**How to complete this task**
Only an exact repeat of the listing, without its images, counts as the answer.

**Source material**
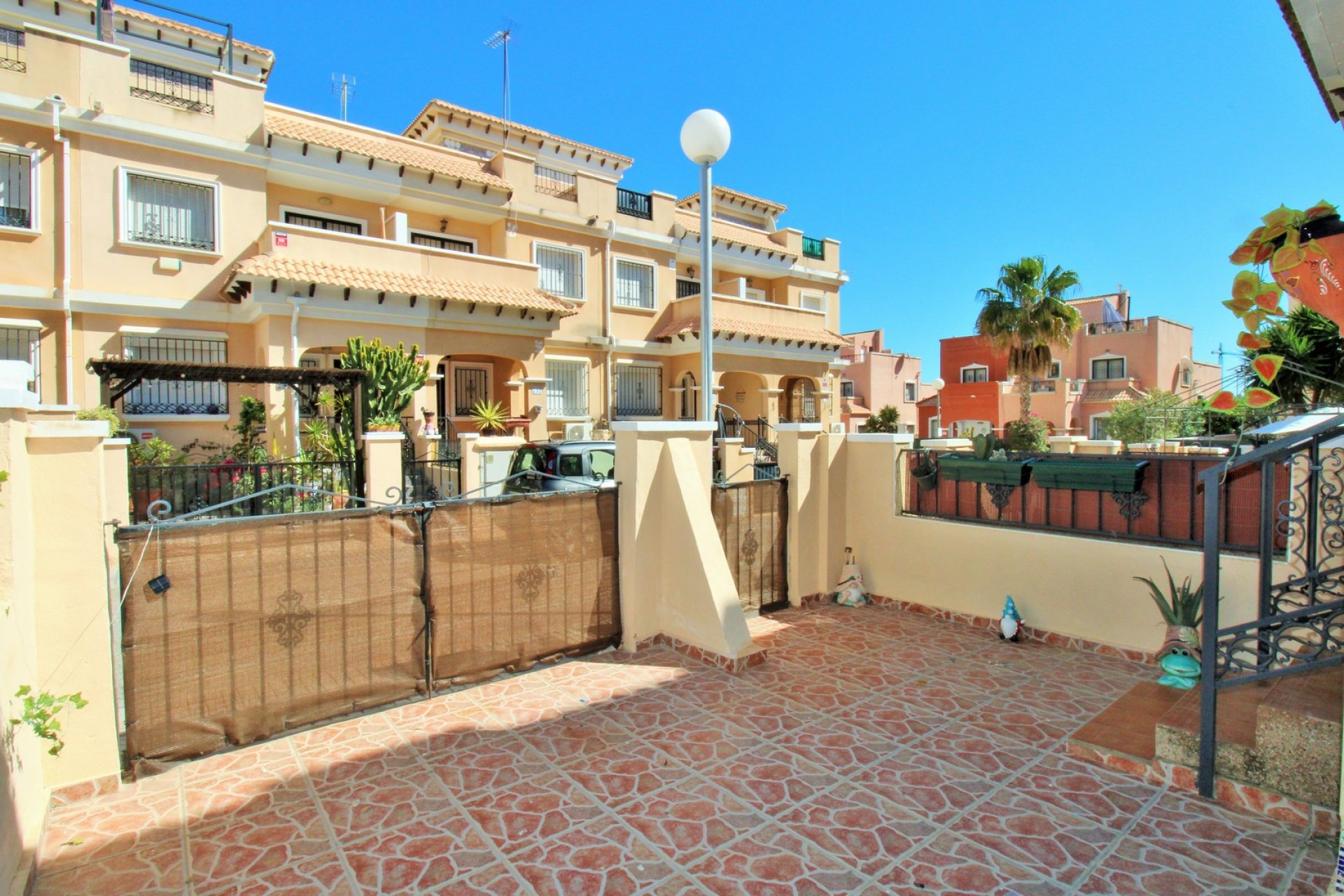 Resale - Townhouse -
Villamartín - Villamartin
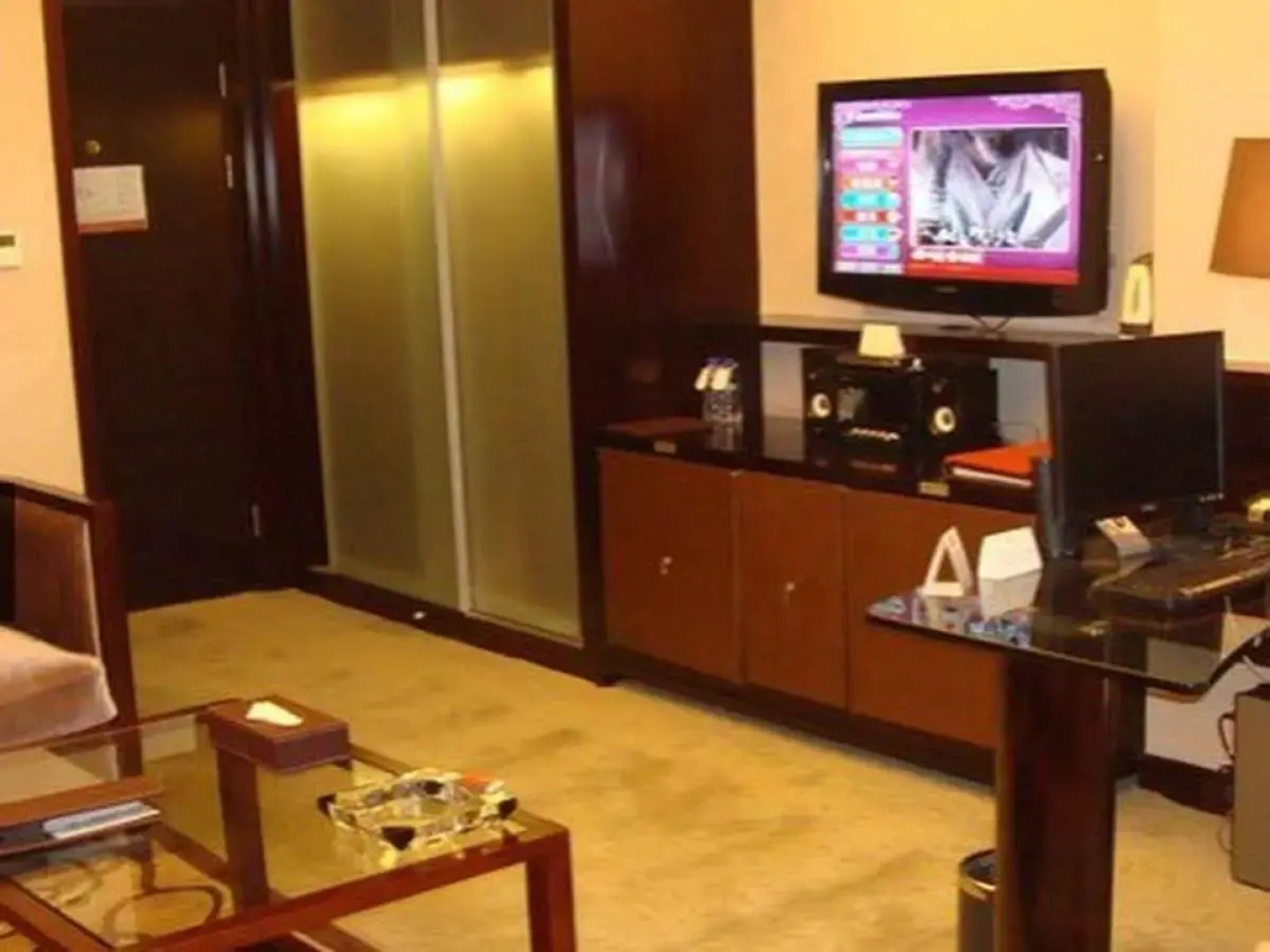 Jin Jiang Royal Palace Hotel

**Task solution**
 Resale - Townhouse -
Villamartín - Villamartin
 Jin Jiang Royal Palace Hotel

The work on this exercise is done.